O outro ex-policial envolvido, Queiroz, teve sua colaboração firmada com a PF e homologada pelo STF em julho do ano passado. Ele detalhou como Marielle foi seguida durante meses, o momento do assassinato, o périplo dos assassinos para se livrarem do veículo. Fez acordo porque teme passar o resto da vida na cadeia e, assim mesmo, em risco. Ele é quem aponta Lessa como o autor dos tiros contra a vereadora e seu auxiliar. Concordou também em apontar mandantes, em partes do depoimento que ainda estão sob sigilo.

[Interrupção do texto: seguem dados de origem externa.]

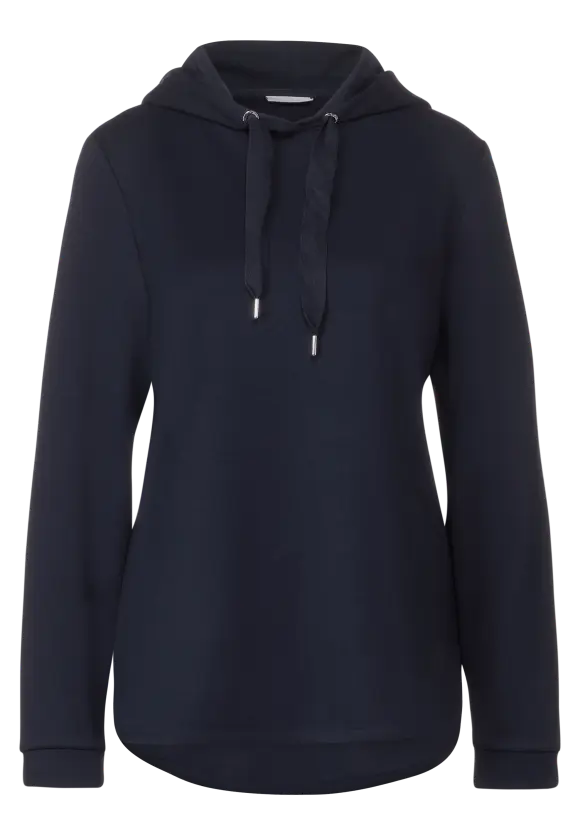 Shirt im Hoodie Style - deep blue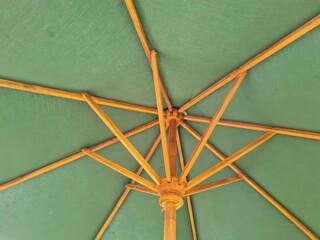 Underside of Tropical Thatch Beach Mexican Resort Umbrella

Surgiram agora na mídia vazamentos do que seria a delação de Ronnie Lessa (mesmo que não oficializada). Há toda uma expectativa de que ele aponte Marielle como vítima de um complô político-eleitoral de alcance nacional, arquitetado por líderes de extrema direita como um recado contra seus arqui-inimigos de esquerda. Pode ser mais simples, no entanto. As conversas preliminares dos envolvidos confessos no crime apontam que a vereadora foi morta por denunciar especulação imobiliária no Rio de Janeiro. Uma questão local e que há décadas motiva assassinatos na Cidade Maravilhosa.
Como se sabe, milícias de todos os calibres, formadas pela união de políticos e policiais (ou ex-policiais), costumam convencer ocupantes de terrenos a desocuparem as áreas, sob ameaça de morte. Agem como testas de ferro de construtoras. Marielle se insurgiu diversas vezes contra essas práticas, inclusive organizando moradores contra o avanço dos que tentavam desalojá-los.

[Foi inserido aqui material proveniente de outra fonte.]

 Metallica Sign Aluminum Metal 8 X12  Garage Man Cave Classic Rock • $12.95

A mídia do Rio tem falado nomes dos possíveis mandantes do duplo assassinato de 2018. Entre eles, o de um veterano político com foro privilegiado, que já foi investigado na CPI das Milícias feita pela Câmara de Vereadores do Rio — e na qual Marielle teve atuação destacada como assessora do líder das investigações, o então vereador Marcelo Freixo (hoje no PT).

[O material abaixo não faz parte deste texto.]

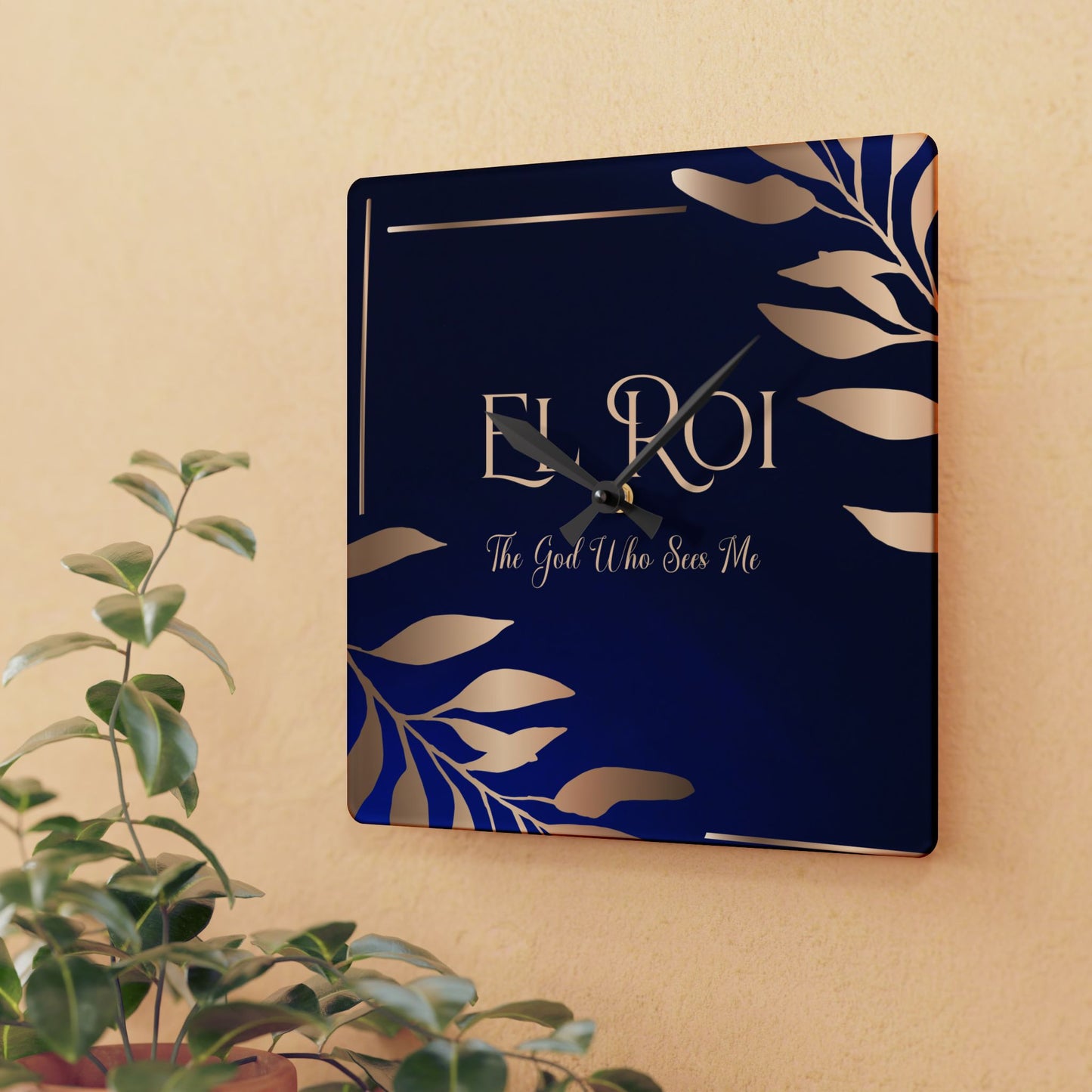 El Roi (Sapphire) Acrylic Wall Clock -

Esse político das antigas e seus familiares, que agem muito mais por pragmatismo do que por ideologia, teriam se sentido prejudicados pelas denúncias de Marielle após ela se tornar vereadora. Sobretudo porque ela fez muitos votos no curral eleitoral deles. Em resumo: uma questão fundiária estaria por trás do crime badalado e não uma conspiração ideológica de amplo espectro, com atores nacionais. Tampouco teria a ver com homofobia, como chegou a ser cogitado (Marielle era casada com uma mulher). A ver as cenas dos próximos capítulos (e delações).